Nous appelons ceux qui détiennent le pouvoir, à créer le plus tôt possible les conditions d’un « nouveau pacte social » qui engendrera une société plus égalitaire, plus juste, et plus de possibilités pour toutes et tous, fondées sur les principes du bien commun. Nous considérons la participation des organisations sociales et civiles comme une condition indispensable à ce nouveau processus de construction du pays.
Enfin, en tant que Réseau qui s’est engagé sur le chemin synodal de grands changements dans l’Église, qui rassemble les chrétiennes et les chrétiens, les disciples et les amis de Celui qui a dit « Bienheureux sont ceux qui travaillent pour la justice et la Paix », nous nous engageons à veiller et demeurer attentifs aux joies, aux espoirs, aux peines et aux inquiétudes de notre pays, à nous mettre au service de tous, tout comme Jésus le ferait à notre place, sûrs qu’il nous conduira à une société nouvelle assurant la dignité de tous.
Nous espérons que l’Esprit de Dieu, (la RUAH) présent en nous, permettra une transition vers une société nouvelle grâce à un « nouveau pacte social horizontal, honnête et transparent, à la manière de Jésus » pour tous les Chiliens et chiliennes.
Réseau national des laïcs et laïques du Chili.
De leur côté, les évêques ont publié dès le samedi 19 octobre, au lendemain des violences, un communiqué qui révèle une certaine lucidité. Nous en extrayons les points saillants :
- Les événements vécus ce vendredi 18 octobre à Santiago sont de la plus grande gravité et suscitent de grandes inquiétudes, tant pour leurs causes que pour leur développement et leurs effets. Nous comprenons qu’ils font partie d’un processus que nous vivons depuis des décennies et qui a des conséquences profondément humaines que nous ne pouvons ignorer.

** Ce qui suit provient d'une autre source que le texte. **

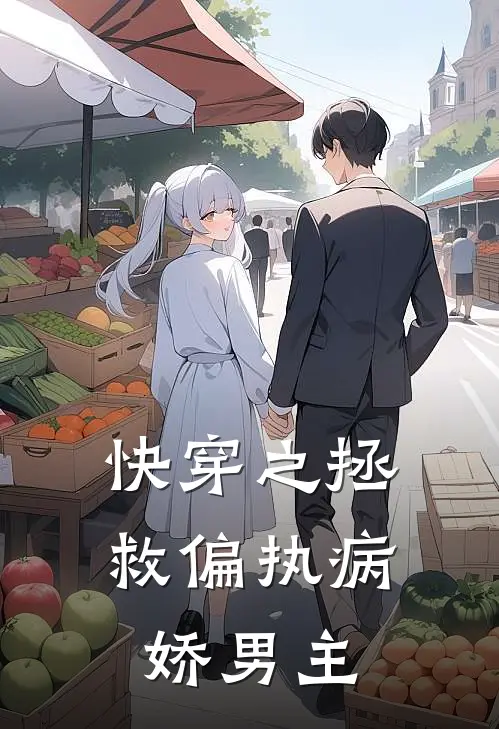 快穿之拯救偏执病娇男主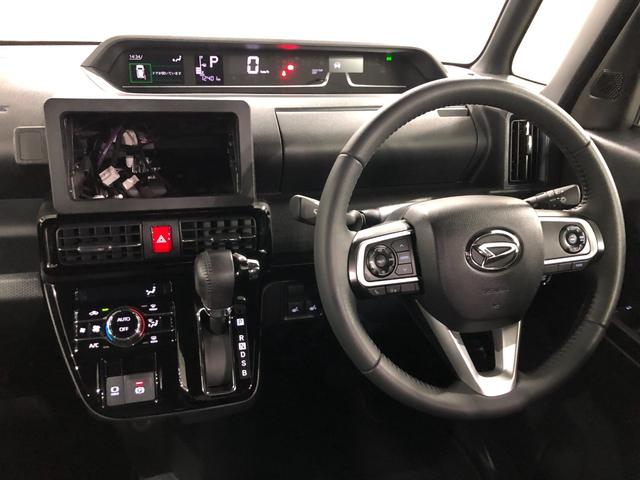 タントカスタムＲＳ　走行１２４０１キロ／クリアランスソナー一年保証・走行距離無制限　走行１２４０１キロ　サイドエアバック　クリアランスソナー　オートマチックハイビーム　オートライト　ＬＥＤヘッドライト　ベンチシート　シートヒーター　両側電動スライドドア（埼玉県）の中古車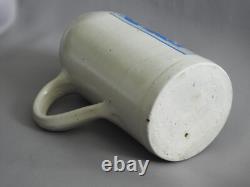 Vintage German WWII Kriegsmarine Beer Stein 2 U-Boat Flotilla Christmas 1940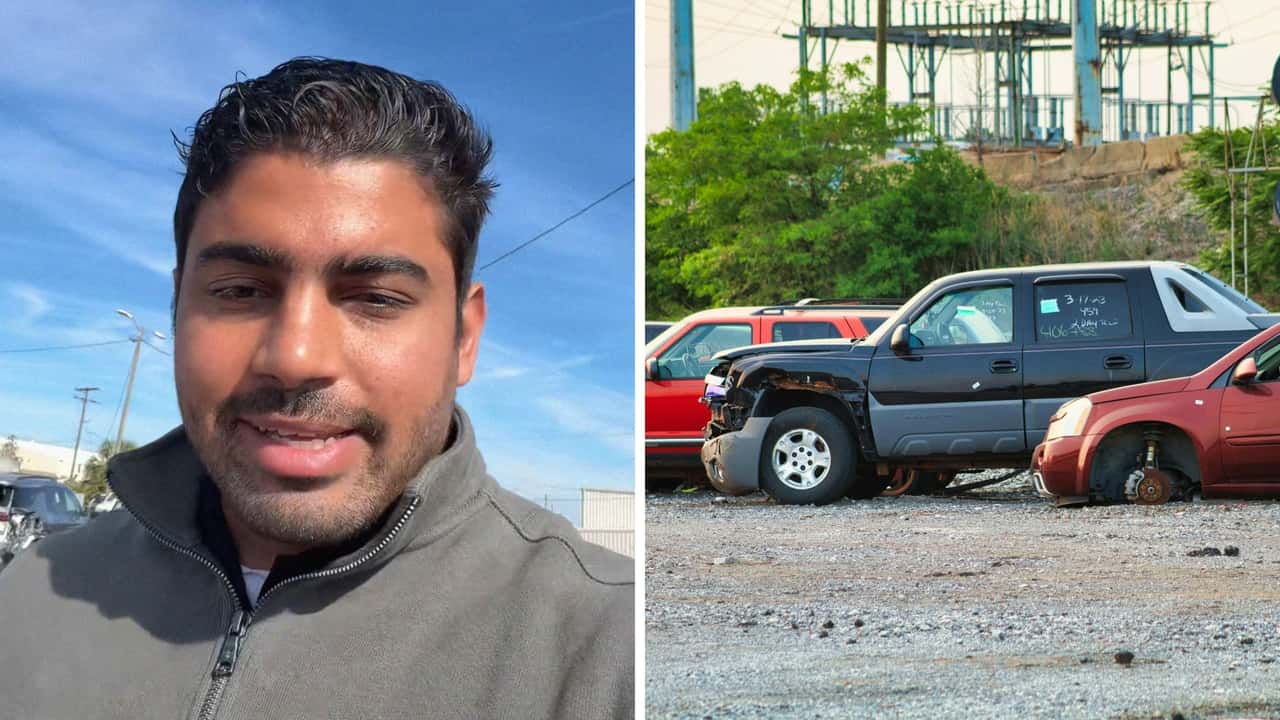 Florida man buys a car. Then he learns it’s from a TRA sale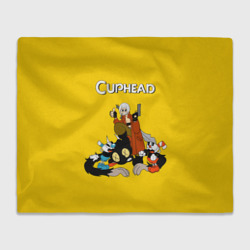 Плед 3D Cuphead x DMC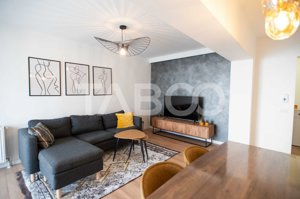 Apartament modern de inchiriat etajul 1 in zona Strand - imagine 5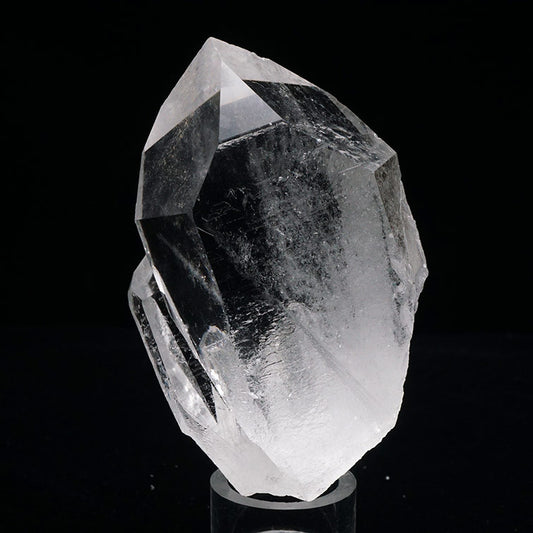 水晶 クラスター アーカンソー産 水晶 原石 一点物 272-275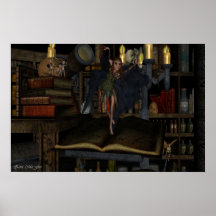 Book Store Posters
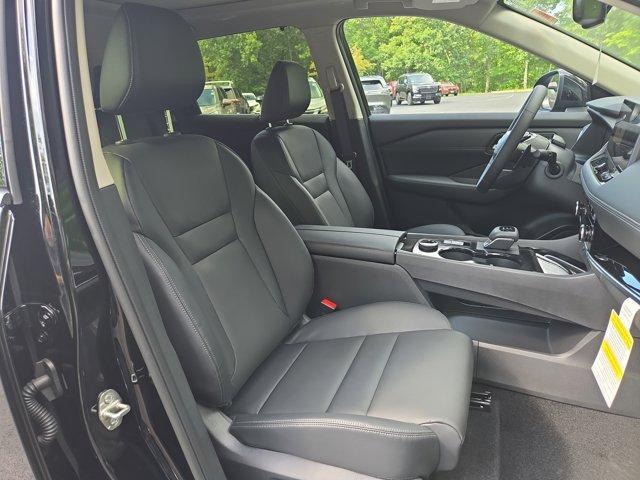 new 2025 Nissan Rogue car, priced at $41,741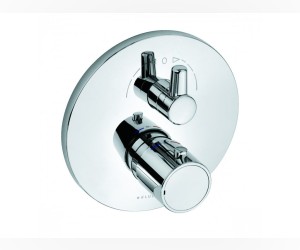 Смеситель Kludi O-Cean 388300545 для ванны и душа с термостатом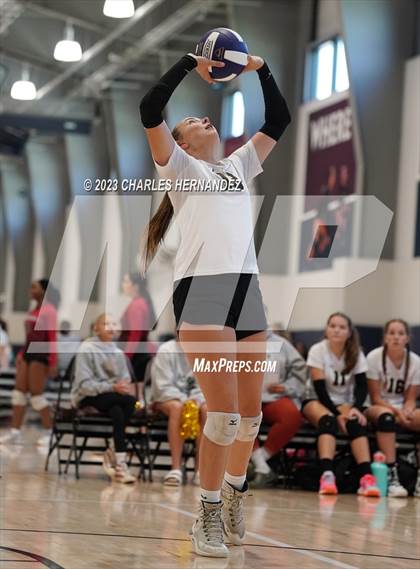 Thumbnail 3 in JV: San Angelo HomeSchool vs Aggieland HomeSchool (Aggieland Come and Take It Showdown) photogallery.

- Ces événements douloureux et traumatisants sont un appel impératif à continuer à créer une culture de rencontre et de compréhension, capable d’écouter et de comprendre les souffrances et les maux quotidiens de la société chilienne en matière de travail, santé, sécurité des citoyens, éducation, logement, pensions, pauvreté, et les défis humanitaires de l’immigration, entre autres.
- Nous condamnons fermement la violence qui s’est produite dans la capitale du pays avec des agressions contre les personnes, la destruction de biens, le pillage de locaux commerciaux et la privation de centaines de milliers de compatriotes d’un service de transport qui est à la base du fonctionnement de la ville. Mais pour que cette condamnation soit efficace, nous devons prendre en charge la compréhension des racines de cette violence et œuvrer d’urgence pour la prévenir, l’arrêter et trouver des moyens pacifiques de gérer les conflits.
- La participation de tous est urgente, par des voies légitimes pour traiter les demandes sociales de manière participative, la recherche d’une vie digne et d’un bien-être intégral, plaçant les personnes au centre de la vie du pays.
- Il est temps de passer de la préoccupation à l’action… Les autorités, les partis politiques, la société civile et ses organisations, les universités et les intellectuels, les personnes organisées elles-mêmes doivent dialoguer sur le pays que nous voulons.
- Sur la base de la concorde civique, le Chili a besoin d’un dialogue social centré sur les personnes, sur leurs façons de vivre ensemble et d’habiter la maison de tous, et d’une amitié civique fondée sur le bien commun.
- Nous demandons à toutes nos communautés et personnes de bonne volonté de prier pour la paix sociale et l’amitié civique dans notre pays et que Dieu nous aide à ouvrir notre intelligence et notre volonté dans la recherche de nouvelles voies de compréhension et de compréhension mutuelle.